The minority of opposition to his confirmation was largely silent, while many commenters in the majority at OverdriveOnline.com and on Overdrive‘s Facebook page painted Kavanaugh as a smear victim in this instance. That’s something the Republican Party — in addition to Kavanaugh himself — has promoted, citing the “11th hour” surfacing of the allegations, brought by professor Christine Blasey-Ford in reference to a now well-known series of circumstances she says occurred when she was 15 and Kavanaugh would have been 17.
“I say yes” to confirming Kavanaugh, said Toby Blevins on Overdrive‘s Facebook page. “The funny thing is all these people on social media finding him guilty just because of who nominated him.”
Outside of partisan rancor and social-media dumpster fires, Kavanaugh’s record on big cases in trucking has largely gone unexamined. A few high-profile lawsuits involving hours of service regs and the U.S. DOT’s Compliance, Safety, Accountability carrier safety rating program were decided by the court that Kavanaugh currently sits, the U.S. Court of Appeals for the D.C. Circuit.

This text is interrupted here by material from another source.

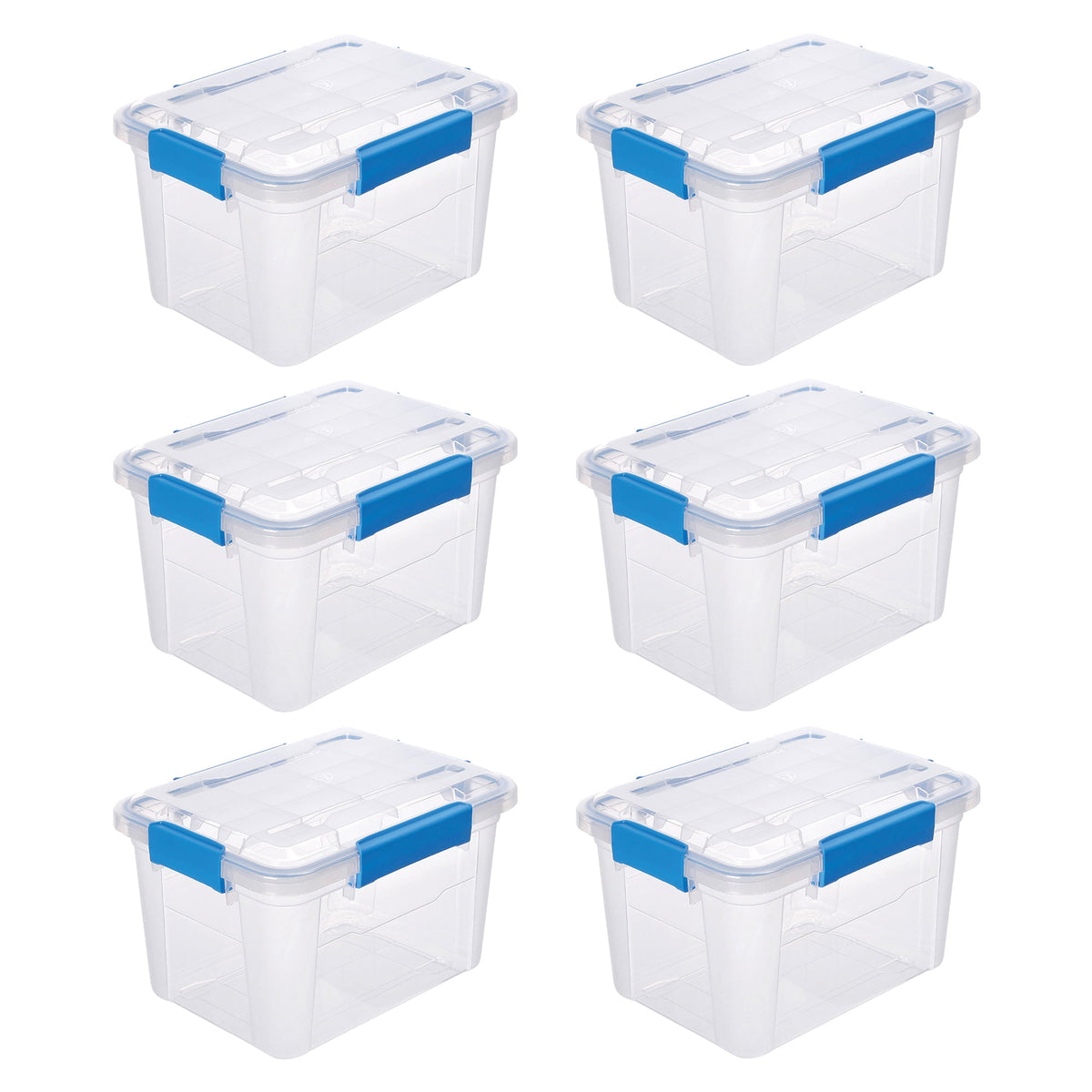 6 Pack - Ezy Storage Waterproof 3Gal/12Qt/11.4L Storagee Box IP67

However, these cases are generally heard by three-judge panels, and 17 judges currently sit on the D.C. Court of Appeals. Thus, Kavanaugh didn’t hear the hours of service lawsuit brought against the DOT’s 2011 change to hours regs nor did he hear the case involving CSA.
Per a quick review by Overdrive, Kavanaugh has heard two trucking cases in recent years and issued the majority opinion in both.
One involved a lawsuit against the Federal Motor Carrier Safety Administration over its cross-border pilot program in Mexico, with Kavanaugh ruling in favor of FMCSA. Per Overdrive‘s coverage of that ruling in 2013: “The drivers association advances seven distinct arguments that the pilot program violates various statutes and regulations,” Kavanaugh wrote. “We find none to be persuasive.”
Kavanaugh also wrote the majority opinion for a case involving an American Trucking Associations challenge to California emissions regulations. Kavanaugh sided with California then, arguing that the state had the ability to craft its own emissions regulations so long as they were approved by the Environmental Protection Agency.